| name | create-storyboard |
| model | sonnet |
| description | Plan story direction, scenes, narrative arc, pacing |
| disable-model-invocation | false |
| argument-hint | <book-slug> |
Create Storyboard
Plan story direction for a Bookie book video. This is pure narrative planning — no script text, no timestamps, no image prompts. Those come later in the pipeline.
Context
- When to use: After
/extract-notes produces notes.md with a chosen angle. Before /write-video.
- Input:
notes.md (book insights, stories, criticism research, chosen angle)
- Output:
storyboard.md (story arc + per-scene direction)
Pipeline Position
/extract-notes → notes.md + angle
↓
/create-storyboard → storyboard.md ← YOU ARE HERE
↓
/write-video → chunks-display.md + chunks.md
↓
make voice → audio + timing
↓
/generate-prompts → image-prompts.md
The storyboard guides /write-video — it defines WHAT each scene should accomplish and FEEL like, so the script writer can focus on HOW to say it.
Steps
-
Validate: Check that $ARGUMENTS is provided. If missing, ask Hai for the book slug (e.g., "atomic-habits"). Set SLUG=$ARGUMENTS. Check that projects/ai-book-video/books/$SLUG/ exists.
-
Read input: Read projects/ai-book-video/books/$SLUG/notes.md. Extract:
- Book title and author
- Key insights (concepts, stories, examples)

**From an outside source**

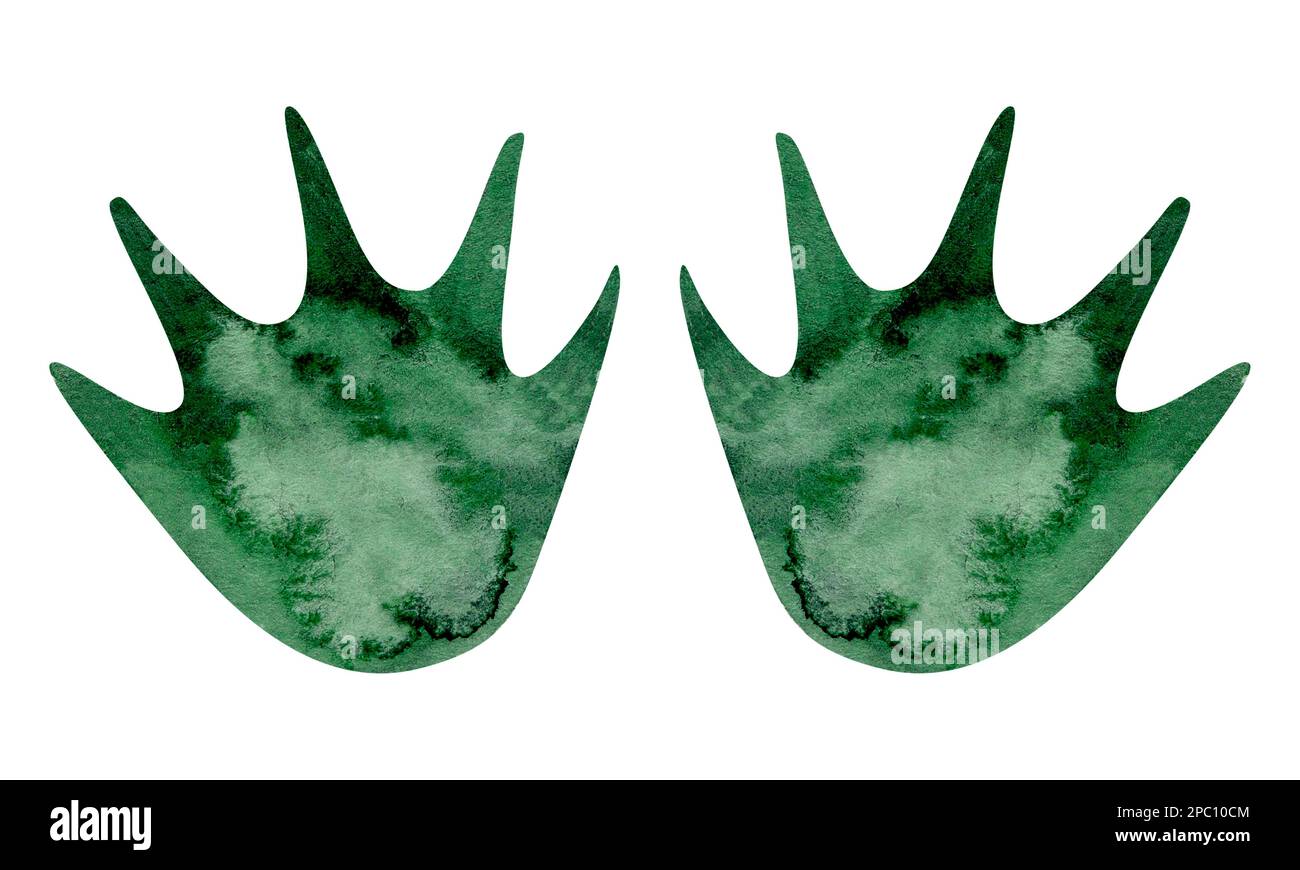 Tracce di animali. Silhouette dei piedi degli animali. Percorso per camminare sulle zampe di animali selvatici o impronte. Footprint acquerello. Foto Stock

- Chosen angle (from "Angle đã chọn" section)
- Recommended template (if specified in chosen angle)
- Criticism research (if contrarian angle)
- Competitive analysis (what others have done)
- Vault context (if present — cross-book connections, existing themes)
If notes.md has no "Angle" section or is empty, abort: tell user to run /extract-notes first.
-
Template selection:
Read projects/ai-book-video/templates/narrative-templates.md and projects/ai-book-video/knowledge-base/ to evaluate which templates are activated by vault state.
a. Check vault state:
- Read
knowledge-base/library.md — how many books covered
- Read
knowledge-base/connections/ — any cross-book tensions/agreements
- Read relevant
knowledge-base/concepts/ files — theme overlap
b. Evaluate each template's trigger condition:
- Contrarian Analysis: 1+ book in library, mainstream reception, gap in VN YouTube → always available after first book
- Hidden Connection: 1+ entry in connections/ linking 2 books → available when vault has cross-book data
- Meta-Pattern: 3+ entries in one concepts/ file from different books → available when theme has depth
- Author Portrait: Substantial authors/ file, 2+ books by same author → available for well-researched authors
- The Tension: High-tension entry in contradictions/ → available when clear author-vs-author clash exists
c. Present activated templates with rationale. If notes.md already recommends a template, highlight it. Ask Hai to pick a template or "custom" (freeform arc).
-
Detect mode:
- If
storyboard.md exists with content → ask Hai whether to overwrite or revise specific scenes
- If missing or empty → new draft mode
-
Plan the story arc: Based on the chosen angle + selected template, design the narrative shape.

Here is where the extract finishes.